Records drawn from a dataset:

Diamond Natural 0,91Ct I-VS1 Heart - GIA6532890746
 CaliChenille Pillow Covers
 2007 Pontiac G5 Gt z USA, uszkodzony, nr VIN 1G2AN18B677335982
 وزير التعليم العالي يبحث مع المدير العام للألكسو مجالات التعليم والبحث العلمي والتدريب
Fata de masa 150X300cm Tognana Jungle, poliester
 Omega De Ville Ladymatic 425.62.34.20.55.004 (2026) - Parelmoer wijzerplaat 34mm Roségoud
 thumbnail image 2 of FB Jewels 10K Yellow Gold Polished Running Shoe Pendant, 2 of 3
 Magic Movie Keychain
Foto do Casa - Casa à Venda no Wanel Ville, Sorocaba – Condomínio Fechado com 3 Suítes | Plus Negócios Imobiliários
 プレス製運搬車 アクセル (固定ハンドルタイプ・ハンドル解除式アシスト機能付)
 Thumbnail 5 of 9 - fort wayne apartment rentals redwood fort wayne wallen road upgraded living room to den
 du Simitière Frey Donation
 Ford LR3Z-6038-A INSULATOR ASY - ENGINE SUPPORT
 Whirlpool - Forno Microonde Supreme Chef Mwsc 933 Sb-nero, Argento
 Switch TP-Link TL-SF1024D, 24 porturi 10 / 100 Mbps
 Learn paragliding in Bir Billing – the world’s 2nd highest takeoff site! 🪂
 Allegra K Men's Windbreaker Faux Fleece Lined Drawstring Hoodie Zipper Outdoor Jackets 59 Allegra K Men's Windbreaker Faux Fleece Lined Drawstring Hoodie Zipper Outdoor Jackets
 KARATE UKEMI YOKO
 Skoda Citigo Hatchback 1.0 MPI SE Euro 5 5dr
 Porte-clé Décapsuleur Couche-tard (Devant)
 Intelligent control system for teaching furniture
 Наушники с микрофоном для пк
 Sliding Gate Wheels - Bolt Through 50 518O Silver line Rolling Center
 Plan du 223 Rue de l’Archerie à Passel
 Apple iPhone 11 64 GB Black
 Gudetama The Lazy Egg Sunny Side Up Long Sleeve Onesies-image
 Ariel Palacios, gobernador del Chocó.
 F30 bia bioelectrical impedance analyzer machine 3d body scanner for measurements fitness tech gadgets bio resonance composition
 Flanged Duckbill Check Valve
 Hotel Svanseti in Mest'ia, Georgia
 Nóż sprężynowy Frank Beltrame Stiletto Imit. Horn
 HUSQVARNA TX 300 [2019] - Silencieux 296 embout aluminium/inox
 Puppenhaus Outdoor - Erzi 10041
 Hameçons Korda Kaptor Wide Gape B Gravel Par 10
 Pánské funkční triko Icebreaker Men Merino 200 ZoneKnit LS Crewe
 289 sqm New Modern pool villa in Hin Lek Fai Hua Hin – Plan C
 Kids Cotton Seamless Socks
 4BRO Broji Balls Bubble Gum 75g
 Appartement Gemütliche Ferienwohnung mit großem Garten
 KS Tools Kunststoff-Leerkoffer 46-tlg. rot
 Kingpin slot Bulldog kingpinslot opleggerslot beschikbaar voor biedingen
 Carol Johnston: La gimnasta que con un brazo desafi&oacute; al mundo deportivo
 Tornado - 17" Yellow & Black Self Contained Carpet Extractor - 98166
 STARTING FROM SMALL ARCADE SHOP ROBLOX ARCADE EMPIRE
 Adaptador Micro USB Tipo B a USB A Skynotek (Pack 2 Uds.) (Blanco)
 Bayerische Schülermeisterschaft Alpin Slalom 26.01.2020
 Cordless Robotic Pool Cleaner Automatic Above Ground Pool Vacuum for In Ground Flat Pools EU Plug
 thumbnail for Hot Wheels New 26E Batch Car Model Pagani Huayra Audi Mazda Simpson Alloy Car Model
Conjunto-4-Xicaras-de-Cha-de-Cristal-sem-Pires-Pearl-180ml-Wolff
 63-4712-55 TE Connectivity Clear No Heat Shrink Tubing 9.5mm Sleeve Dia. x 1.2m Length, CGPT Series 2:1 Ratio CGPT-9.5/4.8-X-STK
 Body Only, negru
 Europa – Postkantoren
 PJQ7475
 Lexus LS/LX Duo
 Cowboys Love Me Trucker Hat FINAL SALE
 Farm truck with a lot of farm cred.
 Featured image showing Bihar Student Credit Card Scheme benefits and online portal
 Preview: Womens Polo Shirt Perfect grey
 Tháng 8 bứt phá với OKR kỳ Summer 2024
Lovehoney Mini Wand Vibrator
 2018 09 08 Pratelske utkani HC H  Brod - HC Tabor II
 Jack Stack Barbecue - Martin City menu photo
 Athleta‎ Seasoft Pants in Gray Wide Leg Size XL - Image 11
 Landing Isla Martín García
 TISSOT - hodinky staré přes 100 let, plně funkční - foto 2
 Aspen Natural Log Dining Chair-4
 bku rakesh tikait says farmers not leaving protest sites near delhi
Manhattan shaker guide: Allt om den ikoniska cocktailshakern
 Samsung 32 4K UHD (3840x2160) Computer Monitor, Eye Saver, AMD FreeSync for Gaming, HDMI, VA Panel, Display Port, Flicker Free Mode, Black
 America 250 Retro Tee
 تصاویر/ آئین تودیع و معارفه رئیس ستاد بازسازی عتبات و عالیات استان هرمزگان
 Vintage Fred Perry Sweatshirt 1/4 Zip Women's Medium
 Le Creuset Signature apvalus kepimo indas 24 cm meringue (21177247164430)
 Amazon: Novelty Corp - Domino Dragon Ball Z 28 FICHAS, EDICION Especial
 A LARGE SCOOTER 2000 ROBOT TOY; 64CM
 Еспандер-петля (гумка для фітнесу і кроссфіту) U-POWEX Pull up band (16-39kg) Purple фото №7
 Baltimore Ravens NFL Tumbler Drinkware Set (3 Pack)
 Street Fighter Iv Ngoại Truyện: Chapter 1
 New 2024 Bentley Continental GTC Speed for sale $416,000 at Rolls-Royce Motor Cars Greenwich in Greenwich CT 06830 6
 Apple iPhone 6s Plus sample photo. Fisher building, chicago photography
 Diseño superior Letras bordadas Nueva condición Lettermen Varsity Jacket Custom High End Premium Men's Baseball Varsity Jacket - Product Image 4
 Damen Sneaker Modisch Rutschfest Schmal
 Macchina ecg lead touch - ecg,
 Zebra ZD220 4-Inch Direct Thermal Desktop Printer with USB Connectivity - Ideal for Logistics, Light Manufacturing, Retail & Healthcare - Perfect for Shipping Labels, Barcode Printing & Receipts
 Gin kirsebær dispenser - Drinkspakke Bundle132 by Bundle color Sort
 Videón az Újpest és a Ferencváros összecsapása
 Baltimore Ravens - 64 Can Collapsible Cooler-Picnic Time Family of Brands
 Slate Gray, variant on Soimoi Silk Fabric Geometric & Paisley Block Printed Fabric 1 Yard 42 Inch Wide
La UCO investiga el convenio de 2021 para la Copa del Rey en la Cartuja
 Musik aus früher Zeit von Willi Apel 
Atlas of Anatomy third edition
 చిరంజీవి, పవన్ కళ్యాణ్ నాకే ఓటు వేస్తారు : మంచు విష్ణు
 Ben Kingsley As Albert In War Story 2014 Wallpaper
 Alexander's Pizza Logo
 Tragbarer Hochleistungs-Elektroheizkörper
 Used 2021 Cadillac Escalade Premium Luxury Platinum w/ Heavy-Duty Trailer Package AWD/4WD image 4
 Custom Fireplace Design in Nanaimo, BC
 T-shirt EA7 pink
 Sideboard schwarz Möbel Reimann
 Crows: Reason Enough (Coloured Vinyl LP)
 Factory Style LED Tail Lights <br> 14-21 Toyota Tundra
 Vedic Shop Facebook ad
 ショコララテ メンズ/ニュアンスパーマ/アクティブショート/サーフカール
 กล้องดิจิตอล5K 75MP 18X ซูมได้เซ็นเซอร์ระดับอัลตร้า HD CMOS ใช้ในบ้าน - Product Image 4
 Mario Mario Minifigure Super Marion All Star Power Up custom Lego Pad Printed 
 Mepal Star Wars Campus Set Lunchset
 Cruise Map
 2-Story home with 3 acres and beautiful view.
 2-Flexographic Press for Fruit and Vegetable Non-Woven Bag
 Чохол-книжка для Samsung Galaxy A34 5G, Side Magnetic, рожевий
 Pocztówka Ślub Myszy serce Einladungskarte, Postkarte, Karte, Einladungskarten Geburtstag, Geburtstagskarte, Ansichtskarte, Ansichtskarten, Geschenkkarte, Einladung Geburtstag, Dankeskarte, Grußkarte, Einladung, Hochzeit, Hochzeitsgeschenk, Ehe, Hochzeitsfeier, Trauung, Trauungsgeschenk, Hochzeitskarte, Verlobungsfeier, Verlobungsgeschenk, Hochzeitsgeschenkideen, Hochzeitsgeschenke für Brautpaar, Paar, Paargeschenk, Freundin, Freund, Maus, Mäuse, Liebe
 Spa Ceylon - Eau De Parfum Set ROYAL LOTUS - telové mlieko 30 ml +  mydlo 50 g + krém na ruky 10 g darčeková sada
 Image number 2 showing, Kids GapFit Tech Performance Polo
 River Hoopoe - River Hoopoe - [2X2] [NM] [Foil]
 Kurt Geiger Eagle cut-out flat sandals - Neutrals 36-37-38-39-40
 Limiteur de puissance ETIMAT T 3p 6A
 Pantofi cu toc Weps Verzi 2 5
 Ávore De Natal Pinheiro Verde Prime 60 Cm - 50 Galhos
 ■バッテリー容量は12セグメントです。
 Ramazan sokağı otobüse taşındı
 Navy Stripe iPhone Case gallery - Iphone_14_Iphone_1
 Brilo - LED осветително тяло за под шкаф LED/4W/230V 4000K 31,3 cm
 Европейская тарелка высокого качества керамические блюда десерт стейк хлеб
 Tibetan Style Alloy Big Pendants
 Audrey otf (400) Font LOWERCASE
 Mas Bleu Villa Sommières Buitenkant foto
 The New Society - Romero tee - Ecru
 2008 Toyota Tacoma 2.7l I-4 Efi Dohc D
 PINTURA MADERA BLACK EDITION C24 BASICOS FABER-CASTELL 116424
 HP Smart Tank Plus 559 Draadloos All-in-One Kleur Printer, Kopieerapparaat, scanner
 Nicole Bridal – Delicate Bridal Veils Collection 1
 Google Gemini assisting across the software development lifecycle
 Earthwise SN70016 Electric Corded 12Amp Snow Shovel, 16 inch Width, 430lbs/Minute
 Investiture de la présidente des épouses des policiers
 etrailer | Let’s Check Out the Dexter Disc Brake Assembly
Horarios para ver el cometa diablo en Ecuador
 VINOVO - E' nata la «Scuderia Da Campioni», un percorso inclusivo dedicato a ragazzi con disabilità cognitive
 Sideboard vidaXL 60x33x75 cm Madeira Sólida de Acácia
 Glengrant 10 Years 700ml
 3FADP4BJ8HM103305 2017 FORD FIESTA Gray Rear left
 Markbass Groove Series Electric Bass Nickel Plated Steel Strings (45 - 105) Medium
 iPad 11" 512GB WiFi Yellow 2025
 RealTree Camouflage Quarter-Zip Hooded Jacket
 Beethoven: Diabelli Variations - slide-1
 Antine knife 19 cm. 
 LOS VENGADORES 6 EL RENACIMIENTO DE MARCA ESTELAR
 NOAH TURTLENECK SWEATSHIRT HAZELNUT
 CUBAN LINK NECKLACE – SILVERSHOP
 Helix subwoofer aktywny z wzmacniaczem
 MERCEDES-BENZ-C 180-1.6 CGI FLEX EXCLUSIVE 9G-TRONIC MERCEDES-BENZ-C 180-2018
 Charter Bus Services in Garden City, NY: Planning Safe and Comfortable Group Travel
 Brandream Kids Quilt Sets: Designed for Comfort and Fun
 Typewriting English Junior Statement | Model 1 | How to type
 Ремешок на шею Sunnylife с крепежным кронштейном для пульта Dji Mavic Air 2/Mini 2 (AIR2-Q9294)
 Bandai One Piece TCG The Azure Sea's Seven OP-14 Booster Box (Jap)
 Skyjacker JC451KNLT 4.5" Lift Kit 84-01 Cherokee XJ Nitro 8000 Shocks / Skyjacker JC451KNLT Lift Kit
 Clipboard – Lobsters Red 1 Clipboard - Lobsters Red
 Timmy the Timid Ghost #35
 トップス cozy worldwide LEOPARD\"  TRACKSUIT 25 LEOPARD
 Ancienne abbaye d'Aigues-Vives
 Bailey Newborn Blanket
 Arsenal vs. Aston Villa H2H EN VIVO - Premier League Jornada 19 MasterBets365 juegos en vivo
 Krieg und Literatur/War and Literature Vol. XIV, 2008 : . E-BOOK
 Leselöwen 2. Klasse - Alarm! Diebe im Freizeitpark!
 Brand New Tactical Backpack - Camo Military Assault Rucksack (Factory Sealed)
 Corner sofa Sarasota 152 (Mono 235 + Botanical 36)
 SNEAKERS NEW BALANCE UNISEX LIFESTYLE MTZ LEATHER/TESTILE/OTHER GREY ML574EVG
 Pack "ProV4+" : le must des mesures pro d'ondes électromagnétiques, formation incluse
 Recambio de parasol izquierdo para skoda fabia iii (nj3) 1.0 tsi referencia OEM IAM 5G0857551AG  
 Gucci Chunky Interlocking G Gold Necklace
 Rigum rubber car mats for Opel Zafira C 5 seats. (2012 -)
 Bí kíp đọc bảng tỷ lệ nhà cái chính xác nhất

What the task asks: Set down no line except those from the one with "Ремешок на шею" to the last line of the data, inclusive, each exactly as written.

Solution to this exercise:
 Ремешок на шею Sunnylife с крепежным кронштейном для пульта Dji Mavic Air 2/Mini 2 (AIR2-Q9294)
 Bandai One Piece TCG The Azure Sea's Seven OP-14 Booster Box (Jap)
 Skyjacker JC451KNLT 4.5" Lift Kit 84-01 Cherokee XJ Nitro 8000 Shocks / Skyjacker JC451KNLT Lift Kit
 Clipboard – Lobsters Red 1 Clipboard - Lobsters Red
 Timmy the Timid Ghost #35
 トップス cozy worldwide LEOPARD\"  TRACKSUIT 25 LEOPARD
 Ancienne abbaye d'Aigues-Vives
 Bailey Newborn Blanket
 Arsenal vs. Aston Villa H2H EN VIVO - Premier League Jornada 19 MasterBets365 juegos en vivo
 Krieg und Literatur/War and Literature Vol. XIV, 2008 : . E-BOOK
 Leselöwen 2. Klasse - Alarm! Diebe im Freizeitpark!
 Brand New Tactical Backpack - Camo Military Assault Rucksack (Factory Sealed)
 Corner sofa Sarasota 152 (Mono 235 + Botanical 36)
 SNEAKERS NEW BALANCE UNISEX LIFESTYLE MTZ LEATHER/TESTILE/OTHER GREY ML574EVG
 Pack "ProV4+" : le must des mesures pro d'ondes électromagnétiques, formation incluse
 Recambio de parasol izquierdo para skoda fabia iii (nj3) 1.0 tsi referencia OEM IAM 5G0857551AG  
 Gucci Chunky Interlocking G Gold Necklace
 Rigum rubber car mats for Opel Zafira C 5 seats. (2012 -)
 Bí kíp đọc bảng tỷ lệ nhà cái chính xác nhất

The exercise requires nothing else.